— Supplied data —
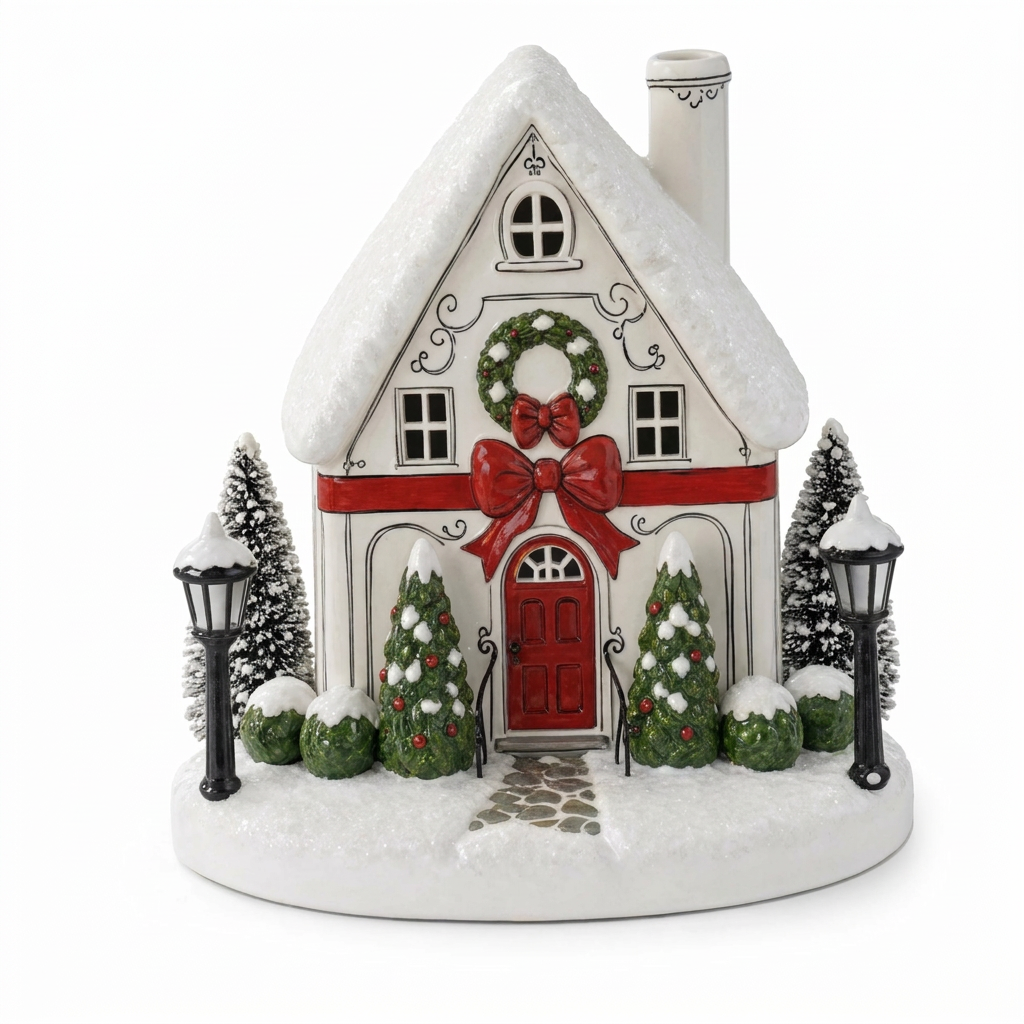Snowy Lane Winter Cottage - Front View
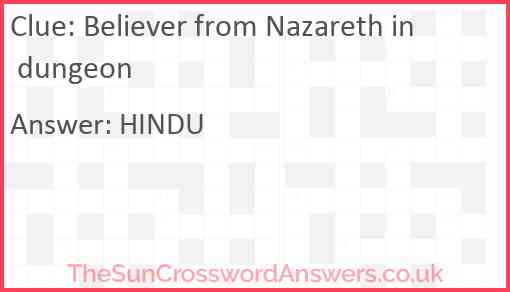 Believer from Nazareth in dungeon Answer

--

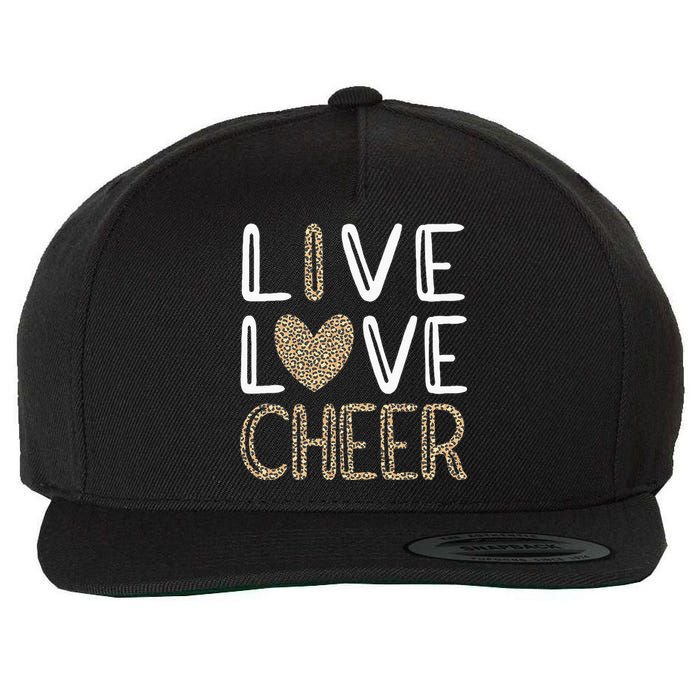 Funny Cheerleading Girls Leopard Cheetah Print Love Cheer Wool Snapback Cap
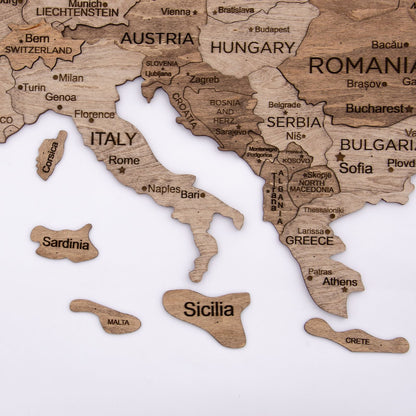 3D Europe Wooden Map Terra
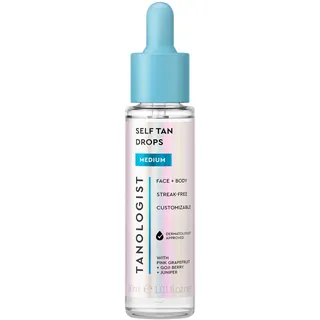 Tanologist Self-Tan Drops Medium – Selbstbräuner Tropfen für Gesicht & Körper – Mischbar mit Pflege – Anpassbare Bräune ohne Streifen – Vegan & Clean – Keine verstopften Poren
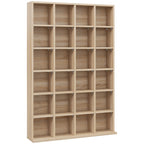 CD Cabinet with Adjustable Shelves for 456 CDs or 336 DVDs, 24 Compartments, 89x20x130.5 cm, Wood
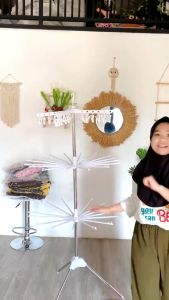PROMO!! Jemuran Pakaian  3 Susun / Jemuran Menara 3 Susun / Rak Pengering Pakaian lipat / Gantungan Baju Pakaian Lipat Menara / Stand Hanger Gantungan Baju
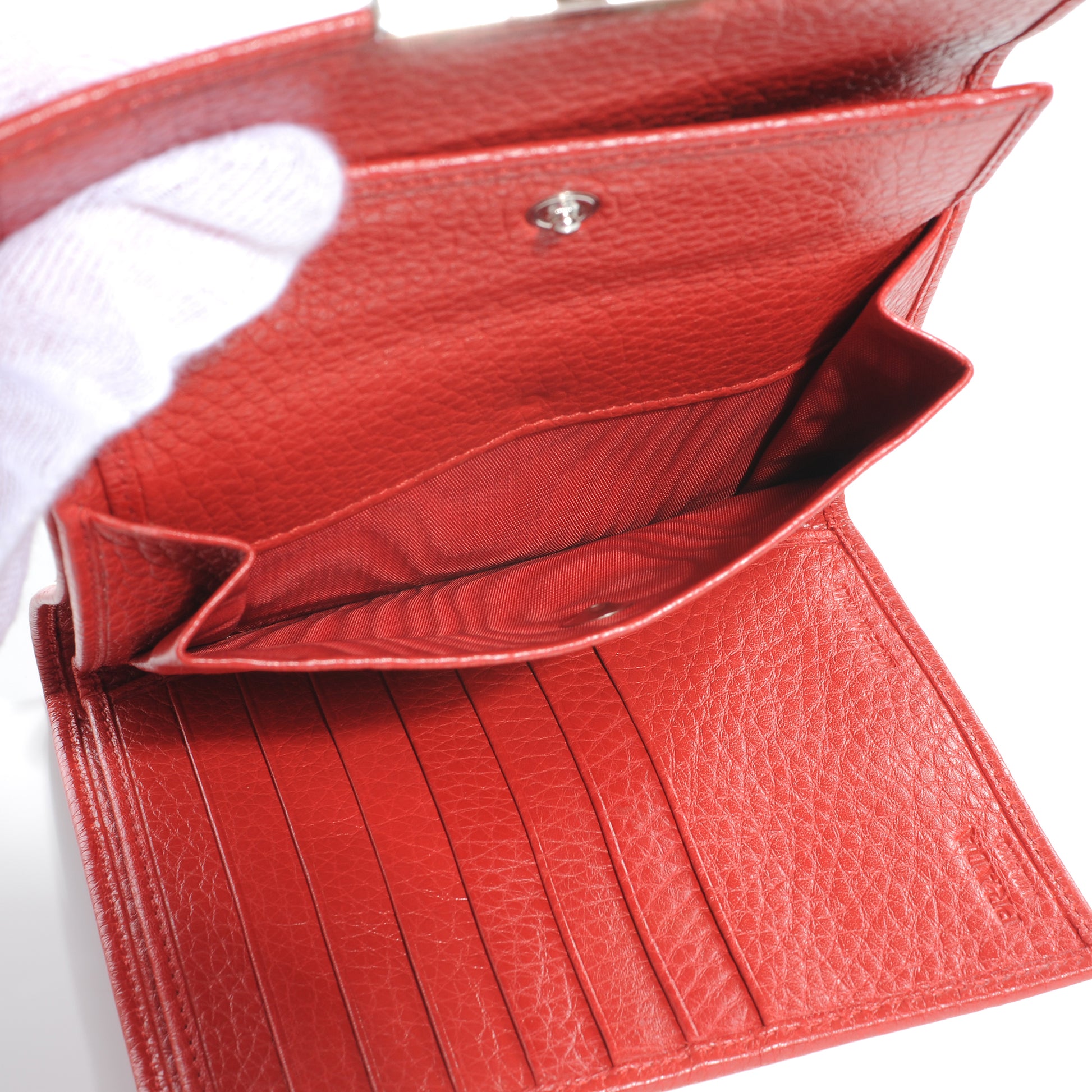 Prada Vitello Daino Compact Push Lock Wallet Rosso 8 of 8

--

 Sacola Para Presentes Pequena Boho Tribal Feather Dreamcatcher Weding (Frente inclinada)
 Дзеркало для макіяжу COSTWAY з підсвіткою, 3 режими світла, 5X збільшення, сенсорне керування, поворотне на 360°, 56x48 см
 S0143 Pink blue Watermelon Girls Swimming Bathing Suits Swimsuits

— Assigned task —
Output only the lines above from the line that holds "Snowy Lane Winter Cottage - Front View" through the line that holds "Believer from Nazareth in dungeon Answer", both ends included, and exclude pictures.

— Completed task —
Snowy Lane Winter Cottage - Front View
 Believer from Nazareth in dungeon Answer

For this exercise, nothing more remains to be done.